In any of these cases, he or she has a name and there is a reason why he or she went to jail. In the case of sexual crimes, perhaps it was a repetition of the cycle of abuse experienced by the perpetrator when she/he was a child; in cases of theft, more probably it was the result of drug use; maybe as a child the "criminal" grew up in a broken home, feeling abandoned, got in with the wrong crowd, formed an alternative "family" and then got too far in to get out, before having a criminal record and therefore the doors of society slammed shut in her/his face. Forever.
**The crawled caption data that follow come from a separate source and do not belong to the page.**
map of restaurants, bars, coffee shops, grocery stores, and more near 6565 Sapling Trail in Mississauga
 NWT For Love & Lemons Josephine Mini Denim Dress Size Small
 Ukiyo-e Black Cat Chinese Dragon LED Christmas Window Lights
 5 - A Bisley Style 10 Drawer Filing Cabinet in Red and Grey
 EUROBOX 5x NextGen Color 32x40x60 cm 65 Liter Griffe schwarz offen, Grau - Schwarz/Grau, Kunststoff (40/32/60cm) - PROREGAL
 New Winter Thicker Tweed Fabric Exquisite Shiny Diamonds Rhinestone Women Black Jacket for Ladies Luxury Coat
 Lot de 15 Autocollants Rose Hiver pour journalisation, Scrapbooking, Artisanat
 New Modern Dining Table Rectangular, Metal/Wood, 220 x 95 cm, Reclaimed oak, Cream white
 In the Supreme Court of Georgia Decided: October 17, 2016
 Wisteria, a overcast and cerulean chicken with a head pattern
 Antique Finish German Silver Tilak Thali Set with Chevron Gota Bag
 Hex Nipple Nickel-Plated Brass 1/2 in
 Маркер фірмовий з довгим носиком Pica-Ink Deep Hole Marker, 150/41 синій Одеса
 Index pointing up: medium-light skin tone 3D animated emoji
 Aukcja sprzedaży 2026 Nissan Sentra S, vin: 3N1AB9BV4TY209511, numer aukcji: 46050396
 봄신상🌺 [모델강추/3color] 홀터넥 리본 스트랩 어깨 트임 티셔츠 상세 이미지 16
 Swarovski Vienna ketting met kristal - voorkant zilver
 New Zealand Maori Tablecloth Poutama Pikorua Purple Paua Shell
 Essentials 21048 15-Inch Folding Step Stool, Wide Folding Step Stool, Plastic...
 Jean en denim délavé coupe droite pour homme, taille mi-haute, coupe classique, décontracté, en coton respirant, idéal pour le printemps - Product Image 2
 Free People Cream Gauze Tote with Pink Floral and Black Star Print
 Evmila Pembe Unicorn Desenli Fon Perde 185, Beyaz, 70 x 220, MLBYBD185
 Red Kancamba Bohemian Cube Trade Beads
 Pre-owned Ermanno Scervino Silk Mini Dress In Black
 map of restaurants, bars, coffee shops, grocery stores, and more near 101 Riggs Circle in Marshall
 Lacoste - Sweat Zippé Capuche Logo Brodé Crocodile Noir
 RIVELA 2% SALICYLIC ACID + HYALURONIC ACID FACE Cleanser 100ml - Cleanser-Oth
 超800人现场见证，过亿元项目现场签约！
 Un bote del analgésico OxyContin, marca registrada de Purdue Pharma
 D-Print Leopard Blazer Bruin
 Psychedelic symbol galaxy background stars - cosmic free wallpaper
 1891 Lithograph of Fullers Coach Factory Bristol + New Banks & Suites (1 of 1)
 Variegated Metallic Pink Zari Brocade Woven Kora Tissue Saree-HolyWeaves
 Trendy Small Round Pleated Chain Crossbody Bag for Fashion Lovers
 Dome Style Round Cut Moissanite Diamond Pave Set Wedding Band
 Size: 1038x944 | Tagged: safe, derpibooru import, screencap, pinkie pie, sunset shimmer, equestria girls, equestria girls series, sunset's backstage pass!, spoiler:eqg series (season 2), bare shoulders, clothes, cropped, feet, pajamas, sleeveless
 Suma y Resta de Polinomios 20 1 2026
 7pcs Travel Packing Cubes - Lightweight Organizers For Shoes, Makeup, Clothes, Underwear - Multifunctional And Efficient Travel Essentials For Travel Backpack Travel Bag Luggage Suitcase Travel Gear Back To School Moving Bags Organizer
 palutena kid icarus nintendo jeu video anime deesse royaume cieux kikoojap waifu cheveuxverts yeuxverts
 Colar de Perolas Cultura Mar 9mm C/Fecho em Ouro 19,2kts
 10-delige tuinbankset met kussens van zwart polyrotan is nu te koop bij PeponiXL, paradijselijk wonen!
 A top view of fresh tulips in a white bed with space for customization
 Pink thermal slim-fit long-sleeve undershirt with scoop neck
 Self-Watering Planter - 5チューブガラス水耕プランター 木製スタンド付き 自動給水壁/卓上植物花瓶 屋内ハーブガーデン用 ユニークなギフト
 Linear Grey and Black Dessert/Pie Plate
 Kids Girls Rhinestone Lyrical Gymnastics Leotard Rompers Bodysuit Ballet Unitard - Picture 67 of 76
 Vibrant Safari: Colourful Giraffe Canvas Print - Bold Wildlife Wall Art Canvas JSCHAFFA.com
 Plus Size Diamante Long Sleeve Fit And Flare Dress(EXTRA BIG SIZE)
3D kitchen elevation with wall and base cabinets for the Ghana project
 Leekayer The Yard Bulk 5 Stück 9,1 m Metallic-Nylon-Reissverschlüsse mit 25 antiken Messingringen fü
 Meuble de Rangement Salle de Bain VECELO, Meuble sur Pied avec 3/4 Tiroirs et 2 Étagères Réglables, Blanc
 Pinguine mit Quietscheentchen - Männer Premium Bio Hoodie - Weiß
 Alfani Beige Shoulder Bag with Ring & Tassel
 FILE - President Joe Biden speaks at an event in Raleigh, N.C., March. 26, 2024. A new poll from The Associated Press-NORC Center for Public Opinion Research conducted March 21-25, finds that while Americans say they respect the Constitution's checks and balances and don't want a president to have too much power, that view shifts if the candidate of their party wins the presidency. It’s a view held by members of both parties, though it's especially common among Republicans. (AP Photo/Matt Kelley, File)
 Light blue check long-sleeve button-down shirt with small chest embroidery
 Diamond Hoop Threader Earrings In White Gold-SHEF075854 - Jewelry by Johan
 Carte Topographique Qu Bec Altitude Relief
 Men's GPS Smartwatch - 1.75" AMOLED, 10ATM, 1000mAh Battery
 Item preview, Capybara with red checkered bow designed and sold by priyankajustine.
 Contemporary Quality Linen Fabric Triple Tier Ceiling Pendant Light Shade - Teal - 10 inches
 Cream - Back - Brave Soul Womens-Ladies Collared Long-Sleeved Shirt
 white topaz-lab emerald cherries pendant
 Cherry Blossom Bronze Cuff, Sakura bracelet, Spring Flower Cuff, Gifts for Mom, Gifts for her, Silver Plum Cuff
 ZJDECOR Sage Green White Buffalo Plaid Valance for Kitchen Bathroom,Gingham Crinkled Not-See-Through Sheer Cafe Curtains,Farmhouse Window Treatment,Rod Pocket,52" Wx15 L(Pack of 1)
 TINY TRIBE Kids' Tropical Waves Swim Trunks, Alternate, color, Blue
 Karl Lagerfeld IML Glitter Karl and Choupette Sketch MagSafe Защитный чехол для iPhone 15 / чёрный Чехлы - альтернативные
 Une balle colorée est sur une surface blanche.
For some reason, the person is in jail. Let us entertain the notion that some of them are innocent and were wrongly convicted because they were the wrong color in the wrong place at the wrong time. In all cases, there is a reason why they are ostracized from society. The knee-jerk reaction is to label them "a bastard" and defend throwing the keys away.

The intelligent reaction is to accept that either they have failed the society in which they grew up, or else the society in which they grew up did nothing to help them. Maybe they were autistic to certain degrees, maybe lazy, maybe selfish, maybe sociophobic, maybe unlucky.

So once they are sent to prison, what is the function of the service, to punish them or rehabilitate them? Retribution, incapacitation, deterrence, restoration or rehabilitation? And if all of these, in what order and in what degree?

Locking them up and then letting them out with a "don't come back" ticket is not going to work and is just a confirmation that society has no solution to the problem. In the USA, almost 77 per cent of prisoners are re-arrested within five years, in the UK the figure is around 60 per cent within 12 months. A system like Norway's has a recidivism rate of just twenty per cent.

Not only do few people go to prison in Norway, most of those that do, go there once and never come back again. The prison system aims at rehabilitation, teaching skills and focusing on getting back to a productive life in society. The focus is on cognitive behavioral programs.

And, once again, does it not make sense to render a service which provides psycho-analysis for each and every citizen from the age of three upwards, at regular intervals, to preclude anti-social or sociopathic behavior before it has a social cost? The "monster" who kicks an old lady to death when he is seventeen to steal her pension put the hamster in the microwave when he was eight, kicked the neighbor's cat to death when he was six and was calling his drunken mother a whore when he was three.

Timothy Bancroft-Hinchey

Pravda.Ru 

([email protected])

 

*Timothy Bancroft-Hinchey has worked as a correspondent, journalist, deputy editor, editor, chief editor, director, project manager, executive director, partner and owner of printed and online daily, weekly, monthly and yearly publications, TV stations and media groups printed, aired and distributed in Angola, Brazil, Cape Verde, East Timor, Guinea-Bissau, Portugal, Mozambique and São Tomé and Principe Isles; the Russian Foreign Ministry publication Dialog and the Cuban Foreign Ministry Official Publications. He has spent the last two decades in humanitarian projects, connecting communities, working to document and catalog disappearing languages, cultures, traditions, working to network with the LGBT communities helping to set up shelters for abused or frightened victims and as Media Partner with UN Women, working to foster the UN Women project to fight against gender violence and to strive for an end to sexism, racism and homophobia. A Vegan, he is also a Media Partner of Humane Society International, fighting for animal rights. He is Director and Chief Editor of the Portuguese version of Pravda.Ru.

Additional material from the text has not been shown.